In der Regel werden die zu druckenden Objekte (z.B. ein Kundenmagazin etc.) in einem Computerprogramm zusammengestellt. Geeignete Programme hierfür sind beispielsweise InDesign, PageMaker, QuarkXPress etc.. Hier wird das Kundenmagazin bearbeitet und korrigiert, indem einzelne Elemente verschoben, eingeblendet, ausgeblendet etc. werden. In diesen Prozess sammeln sich ein Menge von Elementen in der bearbeitbaren (der so genannten offenen) Datei an.
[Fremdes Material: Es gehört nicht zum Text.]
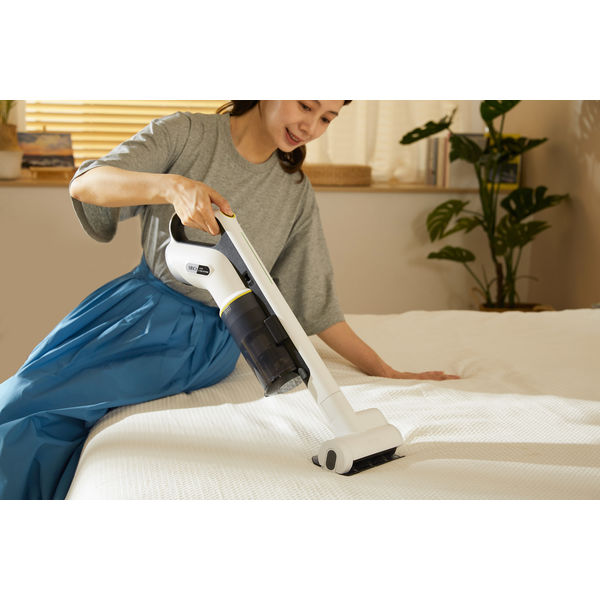 ケルヒャー スティッククリーナー VCS 3 1.198-802.0 1台 - アスクル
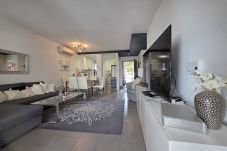 Apartment in La Zenia - Groundfloor, oasis beach VI la zenia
Einige der Elemente davon sind im gewünschten Endergebnis gar nicht (mehr) zu sehen, sie sind für den Druck nicht relevant. Deshalb wird nach der endgültigen Freigabe des Entwurfes durch den Kunden eine für den Druck maßgebliche Datei erstellt: die Reinzeichnung
Wie oben bereits beschrieben ist die grafische Gestaltung ein mehrstufiger Prozess. Den Abschluss bildet die Erstellung einer druckfähigen Datei (üblicherweise im PDF Format). Die Druckdatei wird dann von der beauftragten Werbeagentur oder den Grafiker an die Druckerei weitergeleitet.
In der Reinzeichnung werden alle nicht relevanten Elemente entfernt und die sichtbaren Bestandteile wie Schriften, Flächen, Bilder etc. exakt definiert. Darüber hinaus werden rein drucktechnische Anweisungen wie Farbprofile, Beschnitt etc. festgelegt.